The outer ring 12 is formed separately from the center portion, and is formed from a plurality of ferromagnetic ring laminations 30 stacked along the stacking axis 22. In some embodiments, the individual laminations 30 have a thickness between about 1 and 2 millimeters, or between about 0.039 inches and about 0.079 inches. It is to be appreciated, however, that thinner laminations 30, for example, between 0.05 mm and 1 mm thickness, or between about 0.0019 inches and 0.039 inches, may be utilized. Further, in some embodiments, the outer ring 12 and/or the center portion 14 may be formed from constructions other than a stack of laminations. For example, the outer ring 12 and/or the center portion 14 may be formed from pressed & fired powder metal or ferrite, which are ferromagnetic materials. In one or more embodiments, to reduce weight of the core 10, and thus the ATRU, an outer radius 32 of the outer ring 12 is tapered along the stacking axis 22 from an axial center 34 of the outer ring 12. Examples of such embodiments are shown in FIGs. 3-5. The tapering eliminates material, which if included in the outer ring, would have no magnetic flux, or only low levels of magnetic flux therethrough as shown by magnetic analysis methods, such as finite element analysis.
Referring to FIG. 3, in one embodiment, the outer ring 12 is tapered by stacking ring laminations 30 of progressively increasing outer radius 32 from a bottom 36 of the outer ring 12 to the axial center 34, then stacking ring laminations 30 of progressively decreasing outer radius 32 from the axial center 34 to a top 38 of the outer ring 12. This results in a stepped taper configuration. In another embodiment, as shown in FIG. 4, in addition to the progressively increasing and progressively decreasing outer radius 32 of FIG. 3, the outer radius 32 of each ring lamination 30 is tapered along the stacking axis 22, resulting in an outer ring 12 having a continuously tapered outer radius 32. In other embodiments, as shown in FIG. 5, an axially center portion 40 of the outer ring 12 has a constant outer radius 32, while only an upper portion 42 and a lower portion 44 of the outer ring 12 is tapered. Further, as shown in FIG. 6, an inner radius 46 of the outer ring 12 may be similarly tapered. The taper of the outer radius 32 and of the inner radius 46 may be, for example, substantially linear, arcuate, or a combination of the two. In some embodiments, a taper angle from the axial center 34 of the outer ring 12 to the bottom 36 and/or the top 38 of the outer ring may be between about 60 and 75 degrees.
Referring again to FIG. 2, the outer ring 12 is installed around the center portion 14 after the bobbins 24 and windings 26 are installed on the legs 16. The outer ring 12 and the center portion 14 may be held together via a friction fit between the legs 16 and the outer ring 12, while in other embodiments, a securing feature such as for example, a shoulder on the outer ring 12 or a tab and slot arrangement may be utilized.

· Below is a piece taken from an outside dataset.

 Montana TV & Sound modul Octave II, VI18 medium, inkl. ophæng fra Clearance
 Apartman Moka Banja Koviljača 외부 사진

Further, in some embodiments, a keeper ring 48 may be installed at the bottom 36 and/or top 38 of the outer ring 12 to secure the center portion 14 therebetween.

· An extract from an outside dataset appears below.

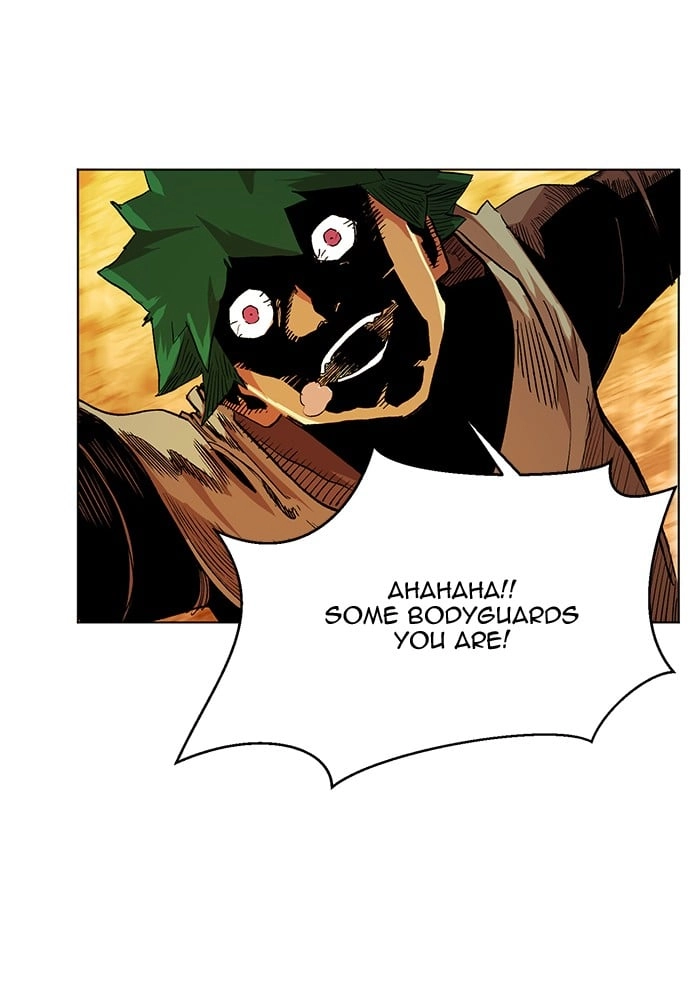 Hardcore Leveling Warrior Chapter 190, page 73 of 91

The configuration of core 10 described herein advantageously provides a common center node, or zero flux point, for the three windings 26 at the center point 18. This configuration also provides a short distance for connections between the windings 26 at the center point 18. Further, the equal spacing of the legs 16, and the circular outer ring 12 results in an equal flux path length for each of the three windings 26 improving magnetic field balance of the transformer 28. Further, the taper of the outer ring 12 removes areas which would otherwise have low levels of magnetic flux, thereby reducing weight of the transformer 28, while not reducing performance by not increasing flux crowding on the core 10 or flux leakage from the core 12.

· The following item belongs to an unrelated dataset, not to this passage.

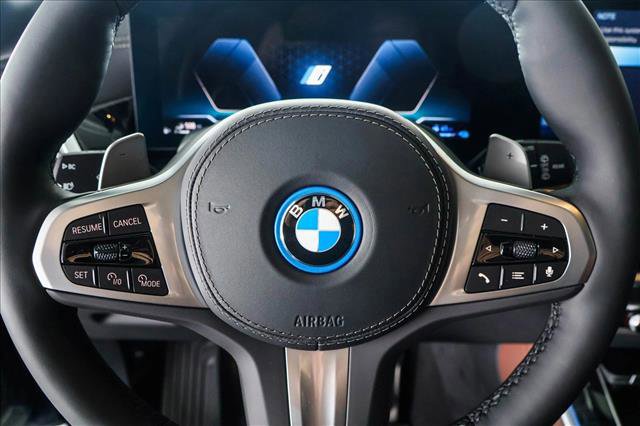 New 2026 BMW X5 xDrive50e image 14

While the invention has been described in detail in connection with only a limited number of embodiments, it should be readily understood that the invention is not limited to such disclosed embodiments. Rather, the invention can be modified to incorporate any number of variations, alterations, substitutions or equivalent arrangements not heretofore described, but which are commensurate with the scope of the invention. Additionally, while various embodiments of the invention have been described, it is to be understood that aspects of the invention may include only some of the described embodiments. Accordingly, the invention is not to be seen as limited by the foregoing description, but is only limited by the scope of the appended claims.

Claims

A ferromagnetic core (10) comprising:
a ferromagnetic center portion (14) including a plurality of legs (16) each receptive of a conductive winding (26), the plurality of legs extending from a common center point (18), the plurality of legs being equally angularly spaced; and

a ferromagnetic outer ring (12) disposed around the center portion at an outer radial extent of the plurality of legs, and characterised in that the outer ring has an outer radius (32), the outer radius extending in a plane of the outer ring, and in that the outer radius reduces along the ring axis (22) from the axial center (34) of the outer ring towards opposite ends of the outer ring relative to the plane of the outer ring, wherein the outer radius is measured starting from the ring axis, the ring axis (22) extending perpendicular to the plane of the outer ring, and the axial center (34) of the ring extending in the plane of the ring.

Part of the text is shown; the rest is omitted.